### WHAT IS EXPECTED
What is needed is an exact reproduction of the lines in the records below, starting at the line with "Male worker working in foundry — Stock Photo" and ending at the line with "Two-story house with", both included, and nothing else; pictures stay out.

Segment Start: EXCERPTED RECORDS

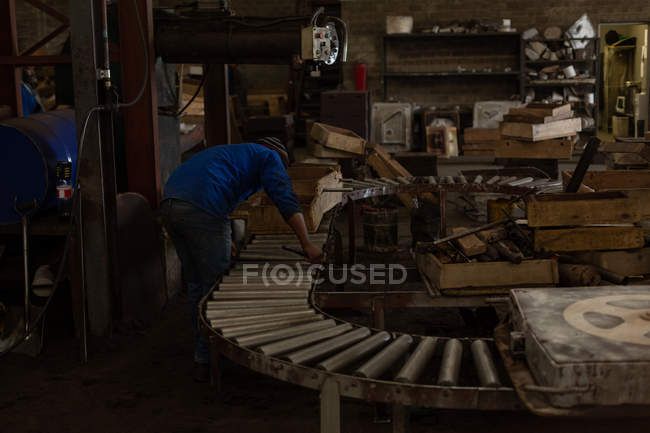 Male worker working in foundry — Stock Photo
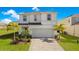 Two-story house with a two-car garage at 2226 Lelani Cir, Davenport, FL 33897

Segment End: EXCERPTED RECORDS
Segment Start: EXCERPTED RECORDS

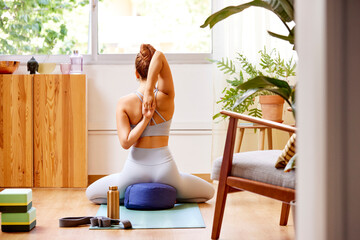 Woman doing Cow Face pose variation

Segment End: EXCERPTED RECORDS
Segment Start: EXCERPTED RECORDS

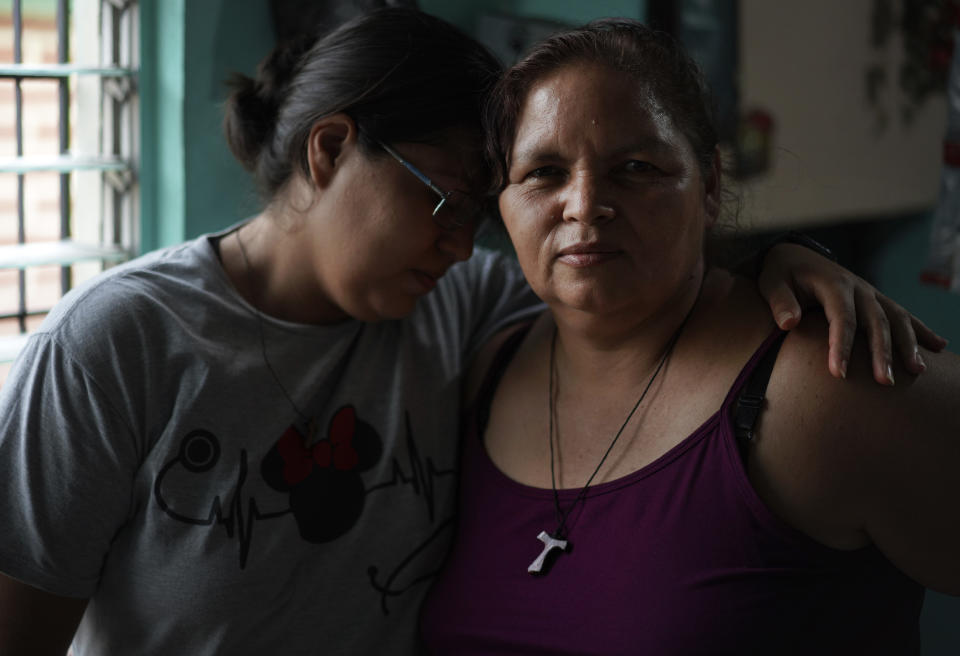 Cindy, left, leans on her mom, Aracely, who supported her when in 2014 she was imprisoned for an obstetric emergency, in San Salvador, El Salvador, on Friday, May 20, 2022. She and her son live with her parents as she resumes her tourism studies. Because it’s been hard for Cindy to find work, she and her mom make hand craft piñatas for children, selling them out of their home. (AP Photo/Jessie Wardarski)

Segment End: EXCERPTED RECORDS

### WRITTEN RESPONSE
 Male worker working in foundry — Stock Photo
 Two-story house with a two-car garage at 2226 Lelani Cir, Davenport, FL 33897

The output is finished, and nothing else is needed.